Task goal: Copy out the listing below exactly, please, and skip any pictures.

Collected material:
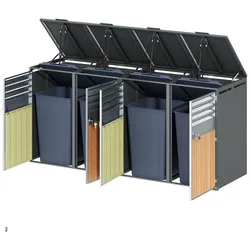 STILVORA Mülltonnenbox Stahl Grau/Holzoptik, 4 Fächer, abschließbar, mit Klappdeckel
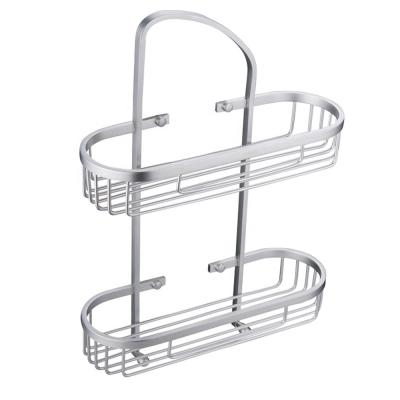 China Durable/Fashion/Champoo KEDAH Bathroom Shower Caddy Two Tier Corner Shelf Economical Aluminum Corner Shelf for sale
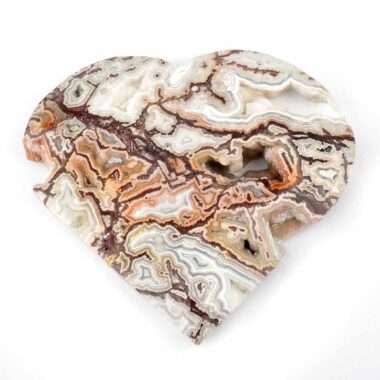 großes Crazy Lace Achat Herz Ø 126 mm in einzigartiger Qualität und Maserung Edelsteine Heilsteine bei Wunderstein24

Your solution:
 STILVORA Mülltonnenbox Stahl Grau/Holzoptik, 4 Fächer, abschließbar, mit Klappdeckel
 China Durable/Fashion/Champoo KEDAH Bathroom Shower Caddy Two Tier Corner Shelf Economical Aluminum Corner Shelf for sale
 großes Crazy Lace Achat Herz Ø 126 mm in einzigartiger Qualität und Maserung Edelsteine Heilsteine bei Wunderstein24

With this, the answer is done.